And she did love her some Italian opera, boy.

“Man, that feels good,” he said, shutting his eyes for a moment as another breeze drifted through. Opening his eyes again, he picked up the T-shirt and swiped it across his chest, and Laurel nearly passed out.

“Nice yard,” he said. “Was it like this when you moved in?”

Yard, okay. That, she could talk about. “The bones were there, but it’d been badly neglected. And of course I moved in during the Winter That Would Not End. Every time I thought I’d get out and start puttering, it’d snow—”

Or she’d feel like the walking dead, tossing her cookies every morning.

“—but now that Mother Nature’s finally stopped with the schitzo routine, I’ve been working on it, little by little, to make it my own. Well, to make it look more like my grandmother’s yard, which I loved. Hers was bigger, though. Much bigger. This is just right, though. For me.”

“Your grandmother’s something else, isn’t she?”

“That’s one way of putting it.” She grinned. “You better watch out—she likes you.”

“I know, older women can’t keep their hands off me,” he said, grinning back. “It’s a curse.”

“I’ll bet,” Laurel said, inwardly sighing as Tyler handed her the tablet and she got another whiff of hot, damp male.

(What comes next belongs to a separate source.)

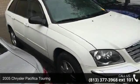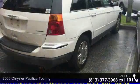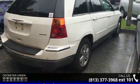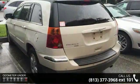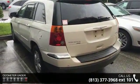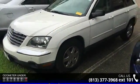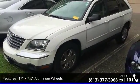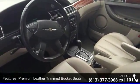Step into the 2005 Chrysler Pacifica Touring. If you are looking for a first-rate auto, this one could be yours today. Some of the top features included with this vehicle are 17x7.5 aluminum wheels, premium leather trim, bucket seats, four-wheel disc brakes, air conditioning, front bucket seats, front center armrest, leather shift knob, tachometer, and third row seats.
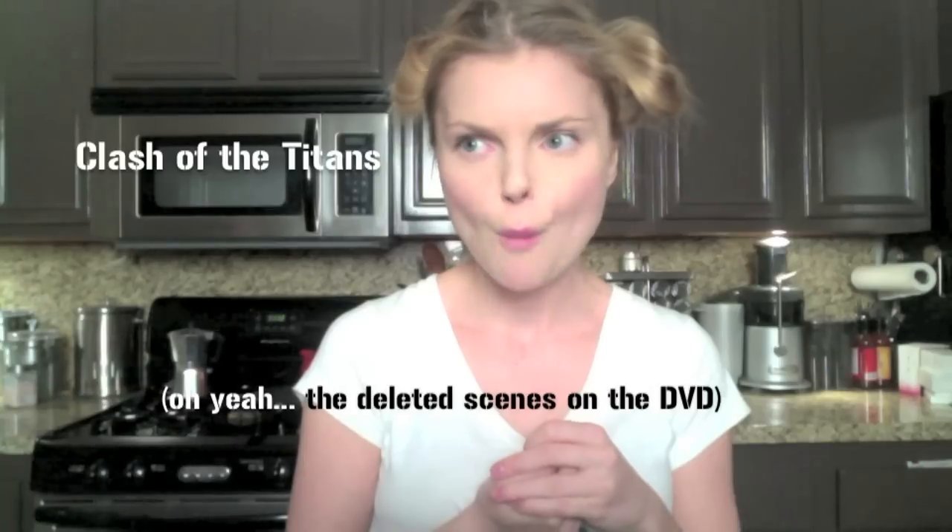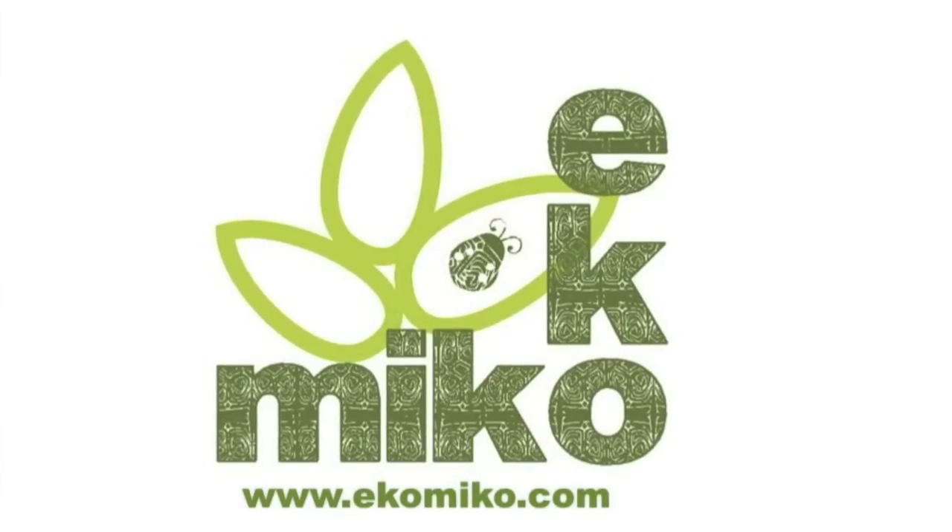Did I just plug my own movies? That is so embarrassing — I can't believe I just did that. Brought to you by Niko Niko, the world of green dreams. There's a pimple right here.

One who did not—thank you, Jesus—douse himself in man-stink cologne.

“I was playing around with some design ideas last night, this is what I came up with. But nothing’s set in stone,” he said, then groaned at his own lame joke.

She chuckled then forced her attention to the designs on the screen. “I think...this,” she said, pointing to the top one, all one color except for two rows near the top, where the dark and light blocks alternated, checkerboard style.

“Yeah? Me, too. And you know what else would be really cool, right over there?” Leaning his elbows on the table, Tyler nodded toward the middle of the wall. “A fountain. Like you’d see in an Italian garden. Or English, maybe.” He grinned at her, his mouth adorably lopsided, his hair adorably messy. She could say the feelings surging inside her were more of a maternal nature, but she’d be lying. “You know, where the water’s coming out of the lion’s mouth or something?”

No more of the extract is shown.